The Republic of Uzbekistan, the 'land of the Uzbeks' - Ethnic groups of Uzbekistan, peoples of Uzbekistan
Geography
The Republic of Uzbekistan, the 'land of the Uzbeks', forms the very centre of ex-Soviet Central Asia, for it alone borders each of the new republics- Kazakhstan to the north, Kyrgyzstan and Tajikistan to the east and southeast, Turkmenistan to the southwest, as well as Afghanistan to the south. Uzbekistan and Liechtenstein share the distinction of being the only doubly landlocked countries in the world. Unlike some of their neighbours, the Uzbeks remain a clear majority in their republic, accounting for over 80 percent of the total population of 27.7 million (2007 estimate). Most of its territory of 447.400 square kilometres (roughly the size of Sweden) lies between the two majors rivers of Central Asia, the Syr Darya (Jaxartes) and Amu Darya (Oxus).

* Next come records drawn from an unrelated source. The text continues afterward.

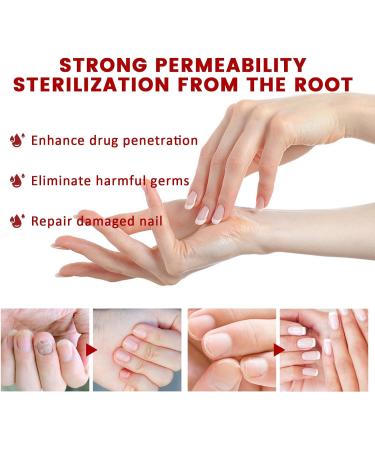 RZAJJN GFOUK Foot Corn Removal Extra Strength Gel 10ml - 2pcs - Buy Online on GoSupps.com
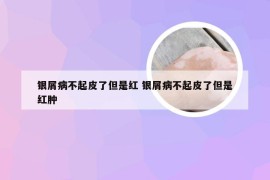 银屑病不起皮了但是红 银屑病不起皮了但是红肿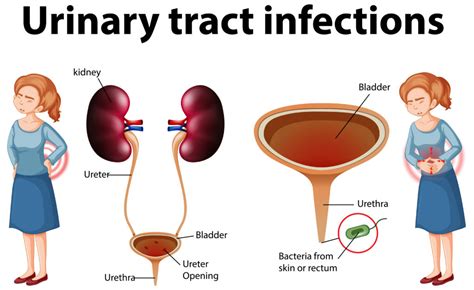 urinary tract infection discharge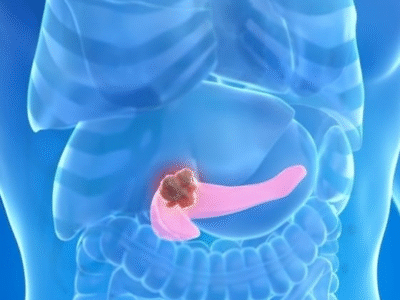 Combinação tripla elimina câncer de pâncreas em testes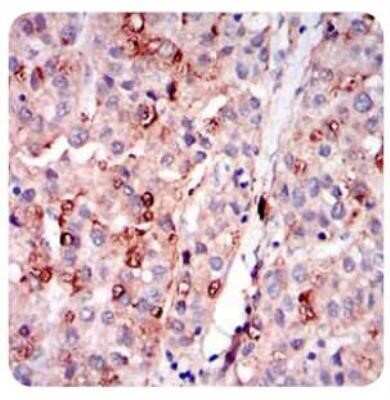 Immunohistochemistry-Paraffin: Perilipin-2/ADFP Antibody (2C5A3) - Azide and BSA Free [NBP2-80907]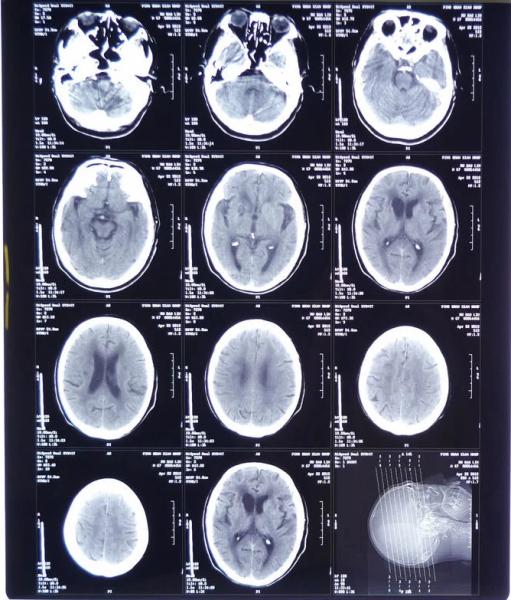 11X14 Inch Medical X-ray Film/Analogue Medical Film/Dry Film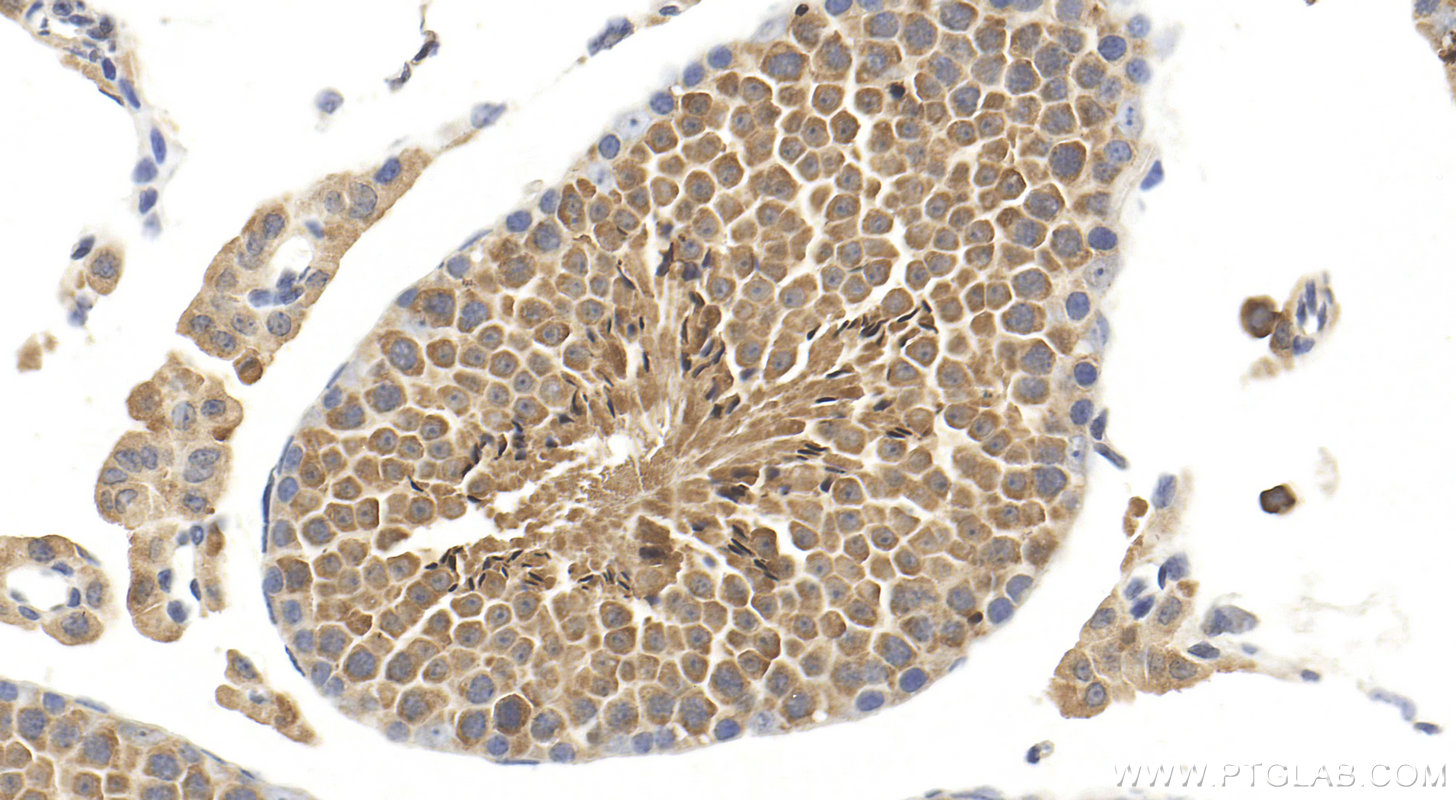 IHC staining of mouse testis using 18972-1-AP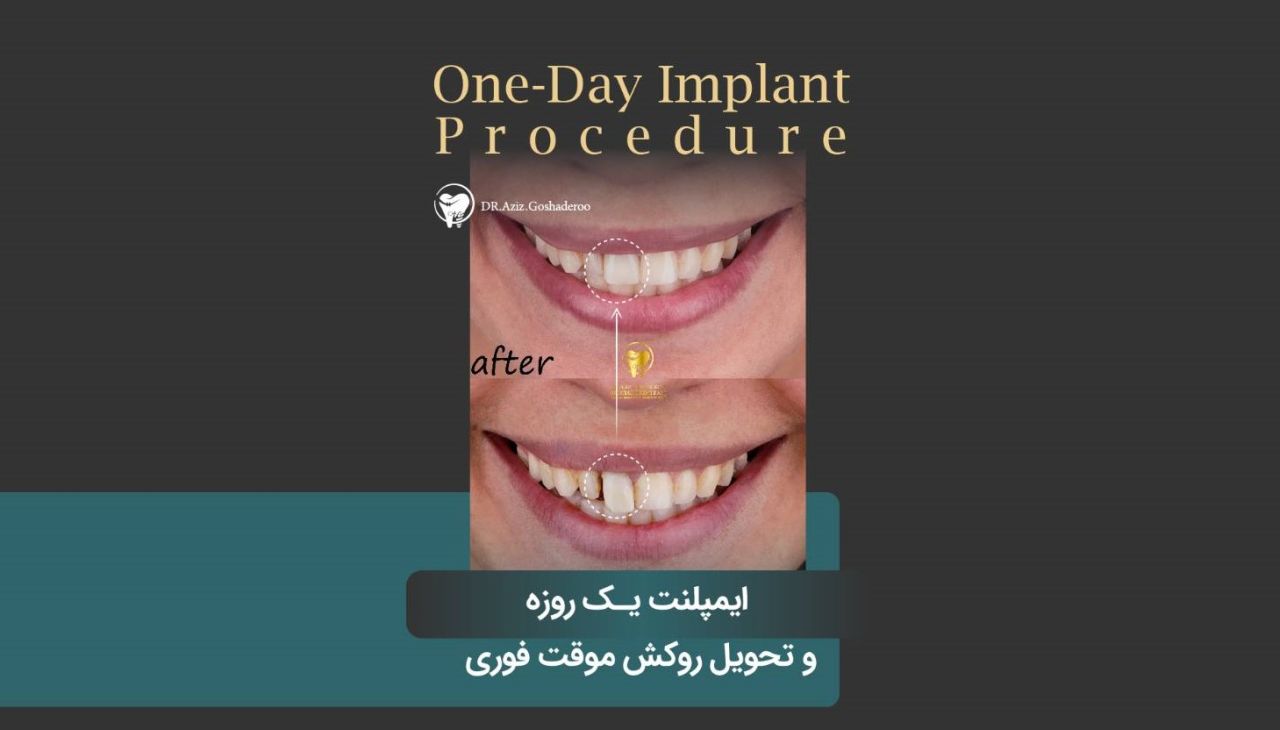 کاشت ایمپلنت یک روزه و تحویل روکش موقت فوری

The Syr Darya rises in remotest Kyrgyzstan before plummeting from the Tian Shan (the 'Mountains of Heaven') into the wide hollow of the Fergana Valley in the northeast of Uzbekistan. Skirting the capital Tashkent, it completes a journey of 2,137 killometres (1,335 miles) through southern Kazakhstan and Kyzyl Kum (Red sands) desert to the distant Aral Sea. For centuries it marked the northern limits of Transoxiana and the edge of the boundless nomadic steppe.
From its origins in the Hindu Kush, the Amu Darya cuts through the High Pamirs of Tajikistan to follow the Afghan border and trace a northwesterly path of 1,437 kilometres parallel to the Syr Darya, separating the Kyzyl Kum from the Kara Kum( Black Sands) of Turkmenistan, and in ancient times dividing the Persian and Turkic worlds. Along its lower reaches the river enters the Turan lowland and the Khorezm oasis. Its final course has changed many times, sometimes stretching west to the Caspian Sea across the Ust'urt plateau. Today it founders heavy with silt at the shrinking Aral Sea, victim of insatiable irrigation.
Steppe and desert plains account for two thirds of Uzbekistan, with the remainder of the country rising into the foothills and mountains of the western Tian Shan and Gissaro- Alay ranges in the east and southeast, where peaks along the borders of Kyrgyzstan and Tajikistan reached to 4,300 metres (14,100 feet). Its location between two major rivers has always ensured commercial and cultural prominence. Thousands of smaller streams expire in wasteland, but one, the Zerafshan, former tributary of the Amy Darya, first waters the most attractive oases in the religion, Samarkand and Bukhara. The fertility of these river valleys has long supported greater populations than elsewhere in Central Asia, although the Uzbeks themselves are relative latecomers to oasis community and culture.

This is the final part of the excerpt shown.